Today the General Data Protection Regulation (GDPR) comes into force in Europe. If you've been receiving a torrent of emails recently with regards to the regulation you may be wondering why exactly we didn't send you one.
Well the simple answer is, we've been GDPR compliant for more than a year. When we first started we had a very clear and concise privacy policy which is easy to read and understand (part of the GDPR stipulations). And when you signed up for our service the only "opt-out" email correspondence we had in your Dashboard was to disable important account related emails.
All our promotional emails have always been opt-in meaning you had to tick some boxes in your dashboard to specifically allow us to send you any of those types of emails. Like shown below.
On top of this, we only ever accepted the bare minimum of personal information from our customers. You'll notice that when you signup or even pay for a paid plan with us we don't ask for your name or address. Nor do we ask for your telephone number, gender, age or other personal information. We simply don't need that information to facilitate offering our product and so we don't ask for it.
Our final piece of compliance and probably the most important to you, we don't mine or sell your data or the data you send us about your customers (their IP Addresses or the services you operate that they're visiting) we don't use any third parties for sub-processing the data you send us or to process the information we have about you. Anything you send us doesn't leave our servers to a third party under any circumstances. Since we don't play around with your data we've had no need to ask for your permission by email to do things with it.
Under the GDPR language we're whats known as a data-processor. Since we process data on your behalf about your users, specifically you send us their IP Addresses and we tell you if they're using a Proxy or VPN service.
It's very important that we do not keep your users personal IP Addresses, and we don't. We don't keep them in our (very sparse) server logs and we do not commit them to persistant storage. The IP Addresses that you send us which we determine are not running a Proxy Server or a VPN are only stored temporarily in server memory and are purged from that memory on average within 15 minutes of us receiving them.
On top of that we never store negative IP determinations with our customer identifiers (API Keys). Meaning once you've sent an IP Address to us, if we determine it's not a Proxy or VPN server it is unlinked from your API Key so that no correlation between you and them can be made by us or a third party (in the unlikely event our servers were compromised).
The very last thing to mention about our compliance is security auditing and our use of strong encryption. We are constantly auditing our processes and our code to identify weak points and all our code is created with security in mind from the very start, not afterwards.
We have to date never had any data breaches or leaks and we store all passwords using strong bcrypt encryption, our cluster offers strong TLS 1.2 connectivity to you for all your website interactions and API Calls while our server nodes always send and receive between each-other using TLS 1.2 transport encryption and AES 256 for the blocks of data actually being synced.
We know that many of you are probably unenthused by the GDPR by now mostly due to the constant emails you've received leading upto today.

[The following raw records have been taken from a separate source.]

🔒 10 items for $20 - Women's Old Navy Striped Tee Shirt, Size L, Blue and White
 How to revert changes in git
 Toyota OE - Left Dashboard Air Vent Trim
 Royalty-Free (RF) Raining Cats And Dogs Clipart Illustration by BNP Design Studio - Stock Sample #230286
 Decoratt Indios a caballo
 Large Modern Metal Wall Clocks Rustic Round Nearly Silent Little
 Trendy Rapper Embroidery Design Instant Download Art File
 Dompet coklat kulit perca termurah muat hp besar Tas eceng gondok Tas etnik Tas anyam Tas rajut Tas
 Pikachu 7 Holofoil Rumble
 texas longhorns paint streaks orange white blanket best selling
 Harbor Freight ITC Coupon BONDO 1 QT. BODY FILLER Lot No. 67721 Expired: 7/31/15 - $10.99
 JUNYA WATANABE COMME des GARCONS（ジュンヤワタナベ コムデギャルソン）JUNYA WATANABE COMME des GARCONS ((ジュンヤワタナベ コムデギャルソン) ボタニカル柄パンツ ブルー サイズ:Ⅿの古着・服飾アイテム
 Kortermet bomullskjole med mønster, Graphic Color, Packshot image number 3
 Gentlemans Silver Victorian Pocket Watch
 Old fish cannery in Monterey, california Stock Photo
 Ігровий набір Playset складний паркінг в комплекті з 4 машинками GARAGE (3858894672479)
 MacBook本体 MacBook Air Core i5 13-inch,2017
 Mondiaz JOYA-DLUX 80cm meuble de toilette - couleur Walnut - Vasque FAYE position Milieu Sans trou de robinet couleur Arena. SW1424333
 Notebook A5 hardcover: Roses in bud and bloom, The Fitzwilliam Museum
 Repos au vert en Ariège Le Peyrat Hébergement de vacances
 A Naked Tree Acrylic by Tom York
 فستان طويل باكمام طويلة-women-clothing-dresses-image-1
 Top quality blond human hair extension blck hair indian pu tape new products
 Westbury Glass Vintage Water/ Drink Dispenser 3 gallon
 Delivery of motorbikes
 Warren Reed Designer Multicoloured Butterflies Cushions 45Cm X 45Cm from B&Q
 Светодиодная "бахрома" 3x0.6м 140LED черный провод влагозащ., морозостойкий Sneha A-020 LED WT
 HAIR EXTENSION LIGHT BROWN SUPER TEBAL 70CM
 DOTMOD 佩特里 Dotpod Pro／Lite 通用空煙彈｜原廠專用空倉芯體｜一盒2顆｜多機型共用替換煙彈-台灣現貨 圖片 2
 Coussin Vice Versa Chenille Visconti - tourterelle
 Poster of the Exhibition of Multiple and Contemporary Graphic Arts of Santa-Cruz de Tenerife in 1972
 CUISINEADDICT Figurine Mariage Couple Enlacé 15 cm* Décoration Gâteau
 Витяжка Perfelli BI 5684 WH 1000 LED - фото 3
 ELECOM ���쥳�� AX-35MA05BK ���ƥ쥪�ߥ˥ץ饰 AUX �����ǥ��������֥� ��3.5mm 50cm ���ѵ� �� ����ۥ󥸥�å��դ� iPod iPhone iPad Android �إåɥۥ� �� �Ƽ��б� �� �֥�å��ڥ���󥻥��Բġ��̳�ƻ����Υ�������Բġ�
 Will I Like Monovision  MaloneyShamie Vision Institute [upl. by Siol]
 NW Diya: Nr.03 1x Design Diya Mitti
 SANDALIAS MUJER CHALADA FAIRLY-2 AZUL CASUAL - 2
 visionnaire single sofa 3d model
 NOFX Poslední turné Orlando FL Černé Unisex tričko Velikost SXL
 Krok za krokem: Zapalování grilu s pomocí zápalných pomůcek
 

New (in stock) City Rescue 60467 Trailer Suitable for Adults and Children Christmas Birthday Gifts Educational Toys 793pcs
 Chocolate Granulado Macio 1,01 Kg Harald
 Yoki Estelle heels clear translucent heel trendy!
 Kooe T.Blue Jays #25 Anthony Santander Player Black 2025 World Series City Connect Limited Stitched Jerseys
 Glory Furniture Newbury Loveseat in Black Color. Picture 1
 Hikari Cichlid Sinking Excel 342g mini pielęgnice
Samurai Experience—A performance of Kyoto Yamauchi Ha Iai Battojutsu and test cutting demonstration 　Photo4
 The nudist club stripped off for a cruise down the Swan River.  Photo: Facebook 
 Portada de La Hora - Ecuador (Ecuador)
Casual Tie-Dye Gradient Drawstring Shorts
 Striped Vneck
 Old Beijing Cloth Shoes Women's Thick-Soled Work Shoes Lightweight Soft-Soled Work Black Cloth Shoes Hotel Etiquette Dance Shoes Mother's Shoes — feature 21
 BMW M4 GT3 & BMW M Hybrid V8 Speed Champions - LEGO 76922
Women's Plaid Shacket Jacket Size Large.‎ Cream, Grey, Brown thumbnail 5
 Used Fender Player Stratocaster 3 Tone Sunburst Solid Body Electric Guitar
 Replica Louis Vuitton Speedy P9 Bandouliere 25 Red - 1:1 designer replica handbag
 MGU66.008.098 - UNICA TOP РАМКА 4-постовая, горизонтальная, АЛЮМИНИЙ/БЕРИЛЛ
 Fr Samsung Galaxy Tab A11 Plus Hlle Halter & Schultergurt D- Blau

But it's important, for too long companies have been misusing peoples personal information and although there have been many different regulations by specific European countries this is the first time that there is one federal level regulation that has real penalties and is easily identifiable by users so that they know their rights and know when companies are not fulfilling their obligations.
You can read both our Privacy Policy and GDPR pages if you'd like, but we've covered the main points in the post above for you.